[MUD-Dev] Genuinely brief intro
Koster
Koster
Wed Jun 11 12:03:25 CEST 1997
On Wednesday, June 11, 1997 4:07 AM, Dr. Cat[SMTP:cat at eden.com]
wrote:
> If this sort of thing is a problem for a lot of the people on the
list, I
> could just leave. I have more than enough ideas to keep me busy
> implementing stuff for the next few years just trying to implement
them
> all in code, and I always think up new ones faster than I can get
the old
> ones done.
>
> I guess the trick is in picking which ones to do first.
>
>
> -- Dr. Cat
Absolutely, and I couldn't agree more with Dr. Cat that ideas are
cheap. Some ideas, granted, have more substance than others, and thus
are less cheap, perhaps. But in general, ideas are cheap, specific
design methods are less so (and probably the cut-off point for those
of us discussing specific implementations of our work in a
professional arena) and implementations themselves are very expensive,
and where the real value lies. (This is often a difficult thing for
those who have the ideas to accept...)
"Let's have an active battlefield!" - cheap.
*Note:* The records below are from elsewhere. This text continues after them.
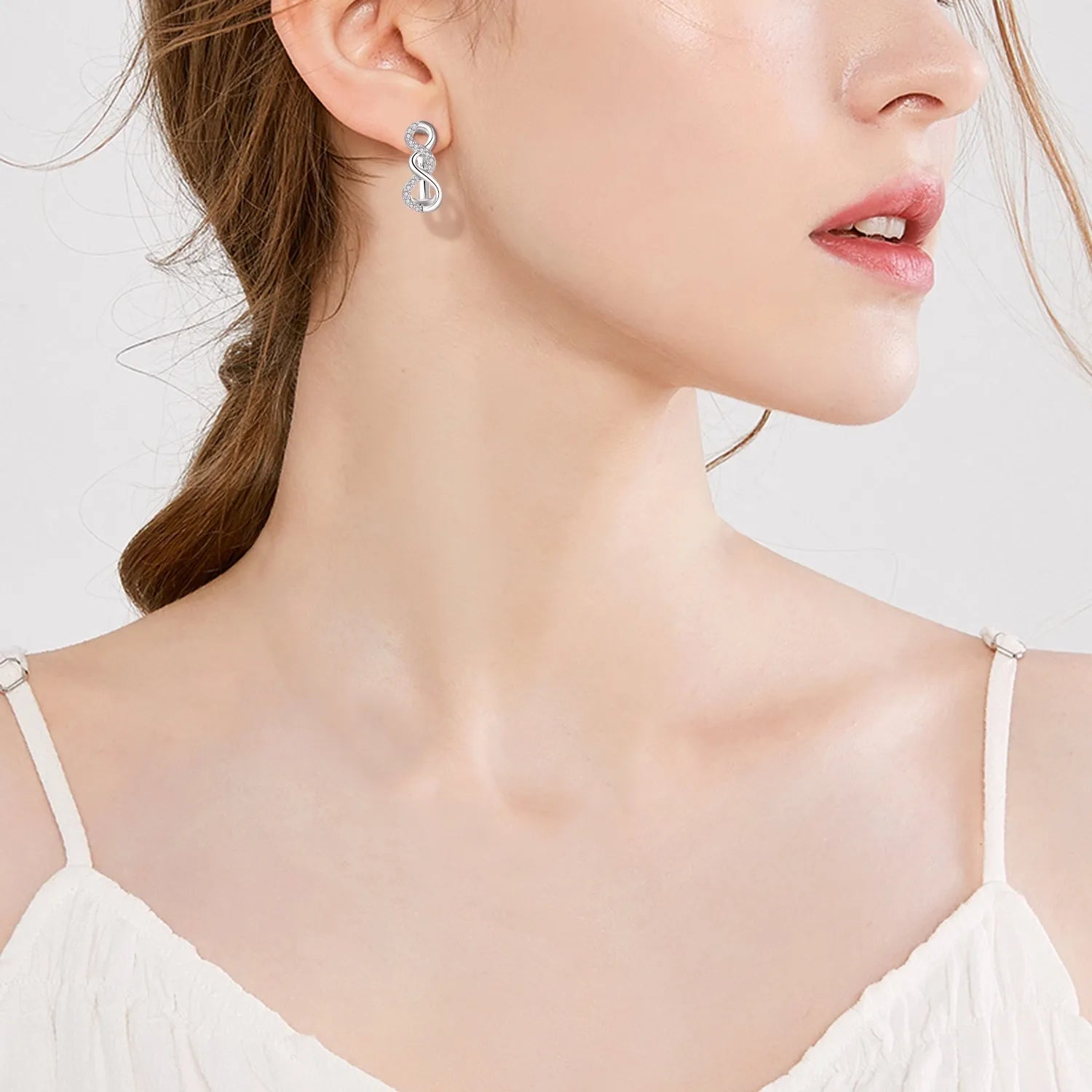 High Quality Personalized Fashion 925 Sliver Hoop Earrings Arrow Zircon Earrings Clip Popular Earrings for Women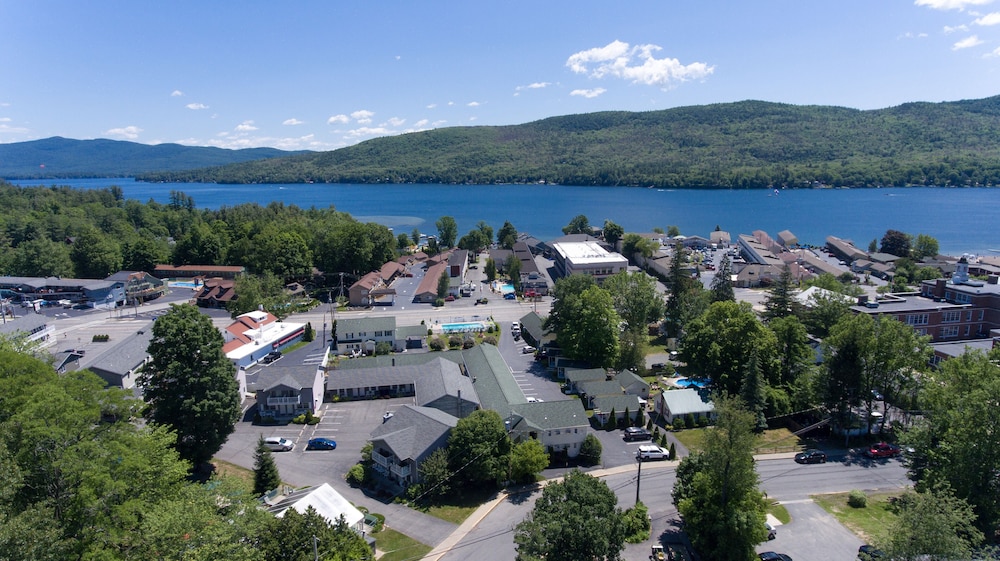 Adirondack Retreat Inn and Suites 6/36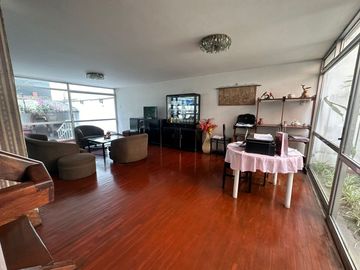 Venta de Amplia Casa en San Borja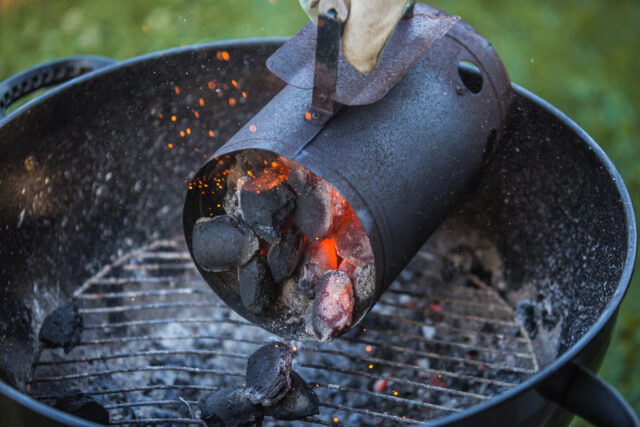 Grill anzünden mit Holzkohle, Grillanzünder und Anzündkamin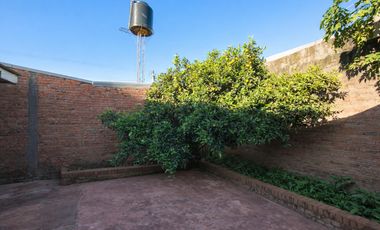 Casa en venta B° 100 Viviendas, Aristóbulo del Valle
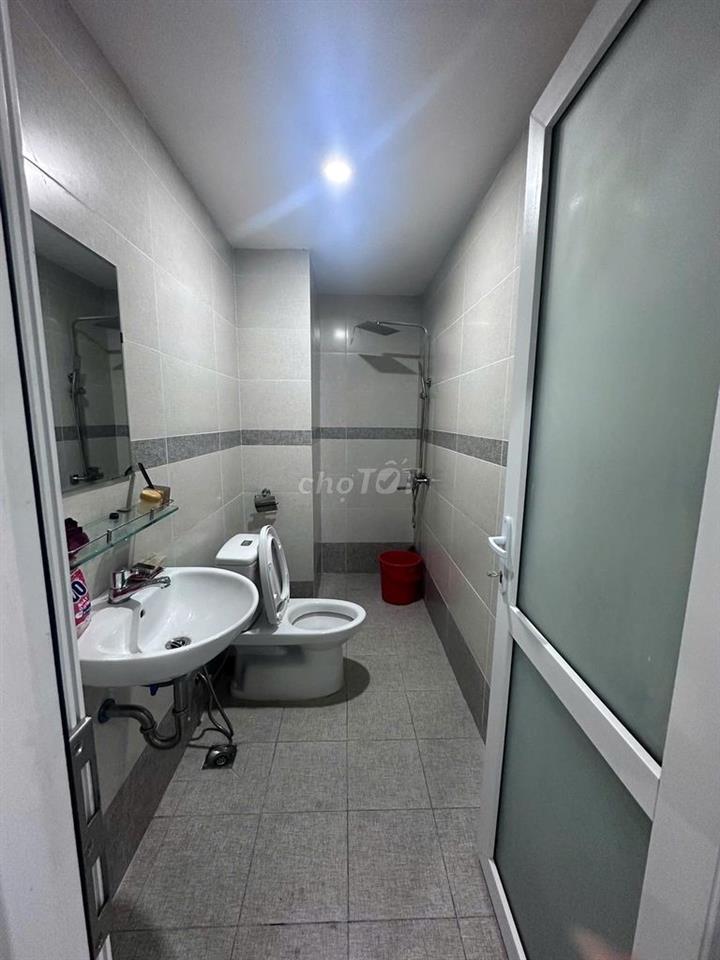 Căn 2p ngủ Chung cư Phú Thạnh- Nguyễn Sơn giá 9tr5/tháng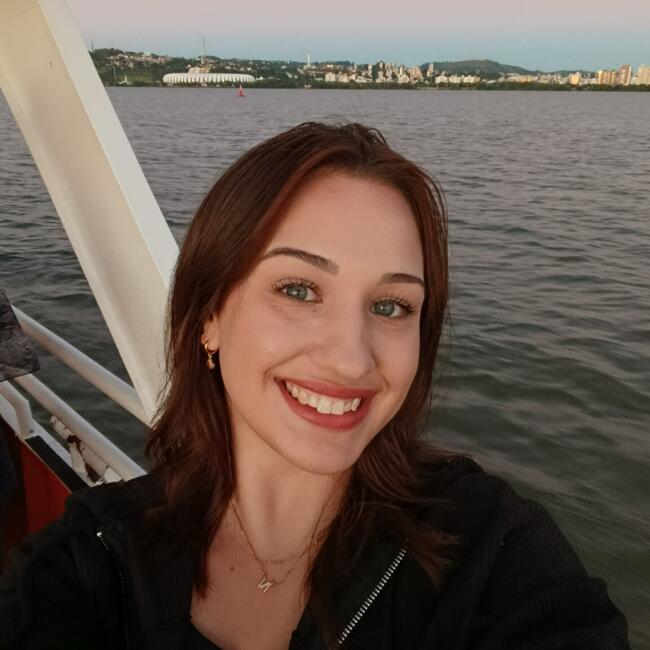 Babá em Esteio: Nicolly Caroline F Ribeiro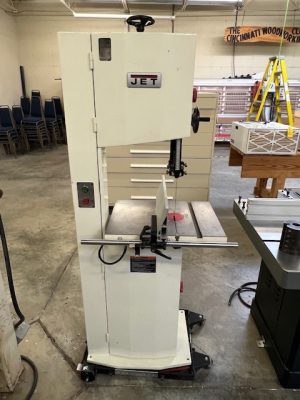 Jet 14" steel frame bandsaw with rip fence & mobile base 3 hp - 230 volt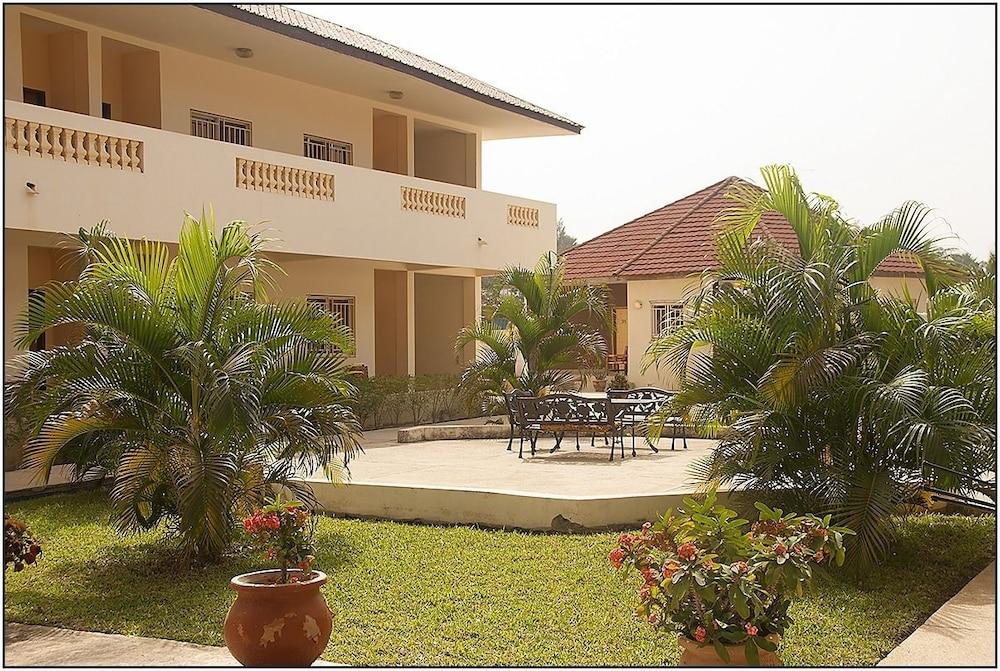 Bamboo Garden Hotel Serrekunda Bagian luar foto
"Let's have an active battlefield that works on neural net tech in
this manner! [insert 30 pages of documentation]" - actually worth
something, and OUGHT to be the bread and butter of this list, except
that some of us have non-disclosure agreements on such things :)
"Here's code for an active battlefield that works on neural net tech!"
- we don't want something of this magnitude on a list anyway, we want
it on an FTP site.
I think those of us who work in commercial development of muds,
graphical or otherwise, all know quite well where the boundaries lie
for this sort of thing; I have no problem with our esteemed
list-owner's restrictions, nor do I think that this issue will BE an
issue, really.
FWIW, I don't know of a game company on the planet that wouldn't laugh
in the face of someone who only had an idea, with no development or
proof-ofo-concept behind it...
-Raph (not Ralf, please! :P)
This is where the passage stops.